Jesus even turns John on his head. When Jesus approaches the crowd, specifically in Luke 6, he puts down the winnowing fork so that his hands are available for healing. He stands with them on a level place, heals their wounds, and then reveals to them the beauty of the Kingdom of God: Blessed are you who know you are in need and woe to you who think you only need yourself.
In our scripture reading today, Jesus looks at his disciples and says, “You will be my witnesses in Jerusalem, in all Judea and Samaria, and to the ends of the earth.” It is not “may,” or “might,” but “will.” You WILL be my witnesses. You have not choice. Through the waters of baptism, Christ has claimed you. You represent Christ in the world. So, the question isn’t “Are you or are you not going to be a witness.” The question is, “Will you witness well?”
You will be my witnesses in Jerusalem, meaning that we are to witness to our faith here in our shared living room. Being in a covenantal community means that we promise to share each others burdens, we challenge each other to live an ethic of love, we celebrate each other’s joys, we put away gossip, pride, envy, anger. You will be my witnesses in Jerusalem, so that this place can be a Jerusalem, a city of peace, a place where God dwells.
We will be his witnesses in Judea, meaning that outside the walls of the church we maintain our love ethic. Not only do we speak truth to power, being the mustard seed of justice upsetting the machinery of the world that places the goods of humanity over humanity’s goodness, but we also are to be prophetic windows. We are to be the sanctuary stained glass through which the outside world can peer and see the beauty of the altar on which Christ offered himself. We too should point and say, “Behold, the lamb. Taste and see that the Lord is good.” People do not become committed disciples of Christ because of billboards or blogs, though we use them as means of telling the story. People commit their lives to Christ because they see followers of Christ doing justice, loving kindness, and walking humbly with God. As a witness in Jerusalem we covenant together. As witnesses in Judea and Samaria we become prophetic windows allowing the world to see the beauty of the sanctuary, and to allow the sanctuary to be blessed by the beauty of God’s creation and children.

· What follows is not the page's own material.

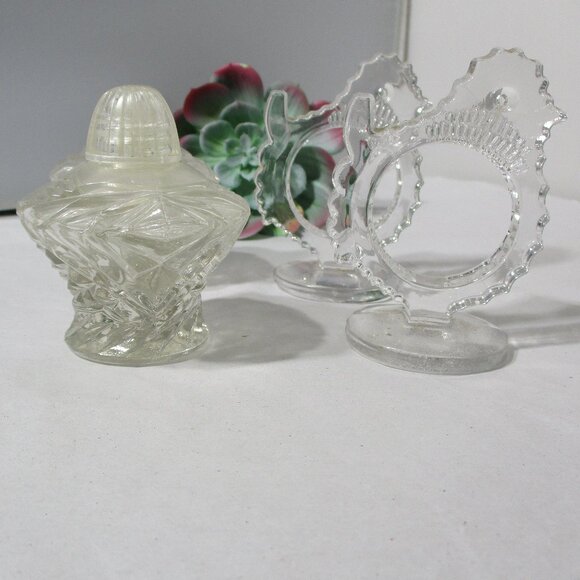 Vintage Glass S & P Shakers Salt Pepper and 2 Glass Chicken Napkin Holder Rings - Picture 2 of 10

We are to be witnesses in Jerusalem, Judea, and Samaria, and to the ends of the earth. The funny thing about this is that a sphere has no end, only a horizon. Witnessing to the ends of the earth means that our witnessing will never be fulfilled by we alone. The Gospel is bigger than one generation. As the 23rd Psalm tells us, there’s more wine than there is cup. The cup is there so that humanity may drink from God’s goodness, but the cup does not contain all the goodness of God. Thousands of years from now they may be talking about today being the early church. That is a humbling and hopeful thought.